To: koan who wrote (604015)3/17/2011 1:47:04 AM
From: d[-_-]b2 Recommendations  Read Replies (2) | Respond to of 1574628
 
if 99% of the top scientist say it could possibly destroy the world

But not even 1% say it can "destroy the world" - cause change perhaps but never destroy.



To: koan who wrote (604015)3/17/2011 1:56:32 AM
From: i-node  Read Replies (1) | Respond to of 1574628
 
>>> When one is screwing around with nuclear power that can destroy the world, as not only a possibility but a probability, you do not put such dangers in peoples hands at all.

So, what are you going to power the world with? Windmills?

>> And as far a GW goes, if 99% of the top scientist say it could possibly destroy the world, and it is only a 10% chance you take it real fucking seirously.

Great scientists are wrong, routinely. Particularly when their paychecks and their life work depends on a particular outcome.

It happens all the time. We know today, with 100% certainty, that Keynesianism doesn't work. But Keynes was no dummy.



To: koan who wrote (604015)3/18/2011 1:55:08 PM
From: TimF  Read Replies (1) | Respond to of 1574628
 
And besides that, the real problems are the Black Swans we cannot even see or imagine.

To the extent this is true it can reasonably be considered an argument against massive and expensive government intervention to combat global warming. One of those black swans could be global cooling (which few people expect), or it could be something else unconnected to global temperature change, that we will need lots of wealth to prevent, mitigate, or live with.

When one is screwing around with nuclear power that can destroy the world

If we tried to set up a nuclear plant deliberately to destroy the world it still wouldn't do so.
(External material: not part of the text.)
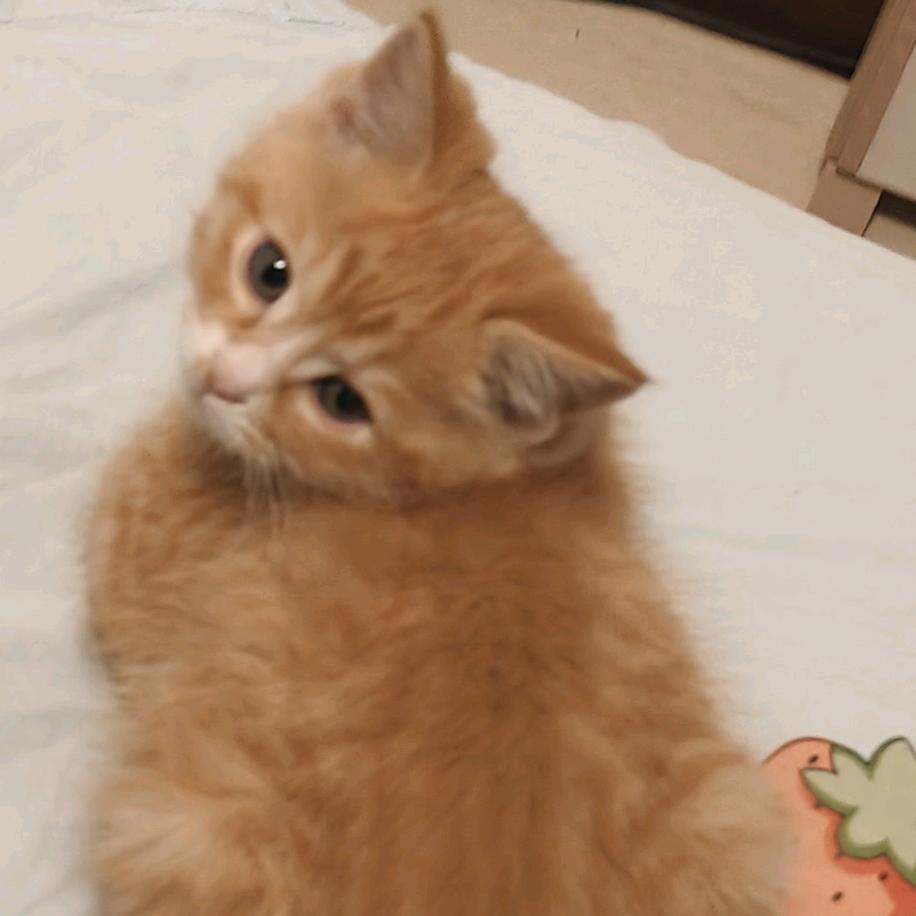一缕小清风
Obviously not in a literal sense (the gravitational binding energy of the planet, or alternatively the amount of energy needed to melt the planet, is many orders of magnitude larger than all the human released energy in any form, power plant or bombs or anything else throughout history). Even if you take a broad non-literal interpretation of destroy (where wiping out life on Earth, or even just humans is enough) it would be hard to do so. I guess the best possibility would be a huge cobalt and other material salted reactor that you deliberately set up to melt down, or worse yet run without any containment vessel, still operating in terms of having fission occur while exposed to the open air, but even this falls far short of what you would need. It would tend to provide overkill in the area around the reactor and immediately downwind but it would sufficiently contaminate the world. Cobalt bombs would distribute the fallout more, but they aren't reactors, and are still somewhat questionable as doomsday weapons, at least for a single bomb, and for anything but the more mild definitions of doomsday. A thousand cobalt salted bombs might do the trick, but that's a pretty serious effort to wipe ourselves out.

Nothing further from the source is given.